15 de febrero de 2015

De Philip Levine (1928-2015)


Me despertó la noticia de la muerte de Philip Levine. Difícil decir algo medianamente coherente sobre alguien cuyos libros han llenado mis dos últimos años (es el único autor de mis tres estantes de poesía norteamericana del que tengo todos sus libros, más de diez) y que siempre fue tan simpático respondiendo a mis emails a cuenta del proyecto de reunir los poemas que escribió sobre España. No fueron muchos emails pero entre sus correos y las muchas veces que leí sus poemas o su biografía tengo la sensación de haber perdido un buen amigo

He traducido esta mañana este poema.
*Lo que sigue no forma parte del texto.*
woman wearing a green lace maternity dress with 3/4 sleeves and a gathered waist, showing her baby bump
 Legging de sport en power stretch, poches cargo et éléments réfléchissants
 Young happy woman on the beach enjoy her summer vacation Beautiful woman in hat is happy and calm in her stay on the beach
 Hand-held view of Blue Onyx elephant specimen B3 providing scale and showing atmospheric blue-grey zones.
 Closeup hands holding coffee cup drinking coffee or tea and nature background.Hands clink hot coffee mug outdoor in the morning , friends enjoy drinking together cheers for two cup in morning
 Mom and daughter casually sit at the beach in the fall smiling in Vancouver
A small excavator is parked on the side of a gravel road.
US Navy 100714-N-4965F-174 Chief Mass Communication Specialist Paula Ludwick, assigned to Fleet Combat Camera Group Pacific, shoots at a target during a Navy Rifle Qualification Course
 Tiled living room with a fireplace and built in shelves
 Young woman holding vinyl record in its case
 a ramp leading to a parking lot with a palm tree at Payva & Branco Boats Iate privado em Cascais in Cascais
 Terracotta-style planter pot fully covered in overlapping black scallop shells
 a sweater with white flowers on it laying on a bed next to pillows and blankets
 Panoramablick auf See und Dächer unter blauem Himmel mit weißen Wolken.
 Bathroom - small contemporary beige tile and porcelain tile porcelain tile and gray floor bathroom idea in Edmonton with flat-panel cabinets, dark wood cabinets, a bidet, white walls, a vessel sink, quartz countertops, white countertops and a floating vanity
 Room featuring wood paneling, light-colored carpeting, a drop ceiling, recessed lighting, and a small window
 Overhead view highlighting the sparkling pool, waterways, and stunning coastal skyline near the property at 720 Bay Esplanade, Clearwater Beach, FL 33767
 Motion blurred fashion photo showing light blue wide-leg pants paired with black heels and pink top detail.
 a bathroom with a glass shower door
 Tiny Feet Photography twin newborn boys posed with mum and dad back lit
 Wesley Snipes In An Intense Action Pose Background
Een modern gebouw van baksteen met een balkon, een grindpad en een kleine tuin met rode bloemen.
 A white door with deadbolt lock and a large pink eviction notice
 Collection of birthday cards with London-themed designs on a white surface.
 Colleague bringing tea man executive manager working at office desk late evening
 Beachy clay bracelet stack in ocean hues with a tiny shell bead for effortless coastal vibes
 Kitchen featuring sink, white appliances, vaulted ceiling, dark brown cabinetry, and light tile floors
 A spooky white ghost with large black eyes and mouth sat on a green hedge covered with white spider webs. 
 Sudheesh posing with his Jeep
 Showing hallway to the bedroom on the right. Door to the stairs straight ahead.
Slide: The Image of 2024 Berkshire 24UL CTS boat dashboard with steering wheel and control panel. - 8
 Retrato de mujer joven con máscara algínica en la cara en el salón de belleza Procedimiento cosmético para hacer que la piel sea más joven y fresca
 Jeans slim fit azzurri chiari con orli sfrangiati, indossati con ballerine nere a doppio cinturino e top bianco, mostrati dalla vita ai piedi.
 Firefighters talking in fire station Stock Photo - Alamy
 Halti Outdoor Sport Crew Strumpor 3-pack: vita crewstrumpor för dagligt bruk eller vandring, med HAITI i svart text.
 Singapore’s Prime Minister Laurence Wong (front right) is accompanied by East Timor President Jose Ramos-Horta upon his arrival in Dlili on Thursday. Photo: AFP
Valga como despedida.

***

ÚLTIMAS PALABRAS


Y si el zapato se cayera del otro pie
¿quién lo oiría? ¿Si la puerta
se abriera a la pura oscuridad
y no fuera un sueño? ¿Si tu vida
acabara de la forma en que acaba un libro
con media página en blanco y los supervivientes
adentrándose en África o la locura?
¿Y si mi vida acabara al acabar la primavera
de 1964 mientras camino a solas
bajando la carretera de la montaña?
Canto para mí una vieja canción. Estudio
la forma en que la nieve resiste, gris
y empapada, bajo la sombra de los abetos.
Me pregunto si la bicicleta estará a salvo escondida
solo un poco más allá del camino. Hacia arriba
la carretera, negra y sinuosa, se pierde
de vista, allí donde se encuentra el valle en el que
viví la mitad de mi vida, fantasmal
y tranquilo. Doy gracias con un suspiro,
y después siento un extraño dolor surgirme
de la parte de atrás de la cabeza,
y se me oscurecen los ojos. Me doblo hacia delante
y apoyo las palmas sobre algo áspero,
el negro asfalto o un campo de rastrojos,
y el movimiento es el del penitente
justo antes de que se levante del todo
con el conocimiento de su enormidad.
Durante ese momento que sobrevivirá
la quema de todas las pequeñas bolsas
de grasa y aceite que son el alma,
yo soy el alma que alcanza hasta
la última falange de mis dedos
y más allá, brillando como diez cirios
en la cripta de la noche para cualquiera
que pueda ver, incluso aunque sean
las 12:40 de la mañana y yo
haya pasado de la oscuridad a un sol
tan feroz que el sudor me chorrea
por los ojos. No me levanto.
Un viento o un animal perdido o un grupo
de niños me arrastra hasta un lado
de la carretera y me da la vuelta
para que mis ojos abiertos se inunden de cielo.
Mis ropas se escabullen carretera
abajo sin mí, inflándose
en múltiples formas, enloquecidas
con la liberación. Mis monedas, anillos,
las llaves de la casa se hicieron añicos
como un trozo de hielo y cayeron entre
las espinas y hierbas de la montaña, como puntos
brillantes que te hacen pensar que hay magia
en todo lo que ves. No, no puede
ser, te dices, pues alguien te está hablando
con calma con una voz que reconoces.
Alguien con vida y confiado ha escrito
cada una de estas palabras exactamente
como las quería en la página.
Has vivido a lo largo de años
de rechazo, de libelo público, de muerte
cayendo como nieve en cualquier cabeza
que eligiera. No eres un niño.
Conoces la verdad. Estoy
aquí, como siempre estuve, leal
a una necesidad de hablar incluso cuando todo
lo que oyes es una leve corriente de aire
que te cosquillea en la oreja. Tal vez.
¿Pero y si ese montón seco
de hojas y tierra no fuera tierra
y hojas sino las gastadas obleas
de un deseo de ser humano? Detén el coche,
apaga el motor, y quédate
en el silencio que envuelve tu vida. Observa
cómo la hierba refleja el fuego, cómo
un viento remonta la colina
con paso seguro hacia ti hasta que te entra
en los oídos como una respiración que va
y viene, liberada de sus ataduras
a la sangre o el habla y que nada desmiente.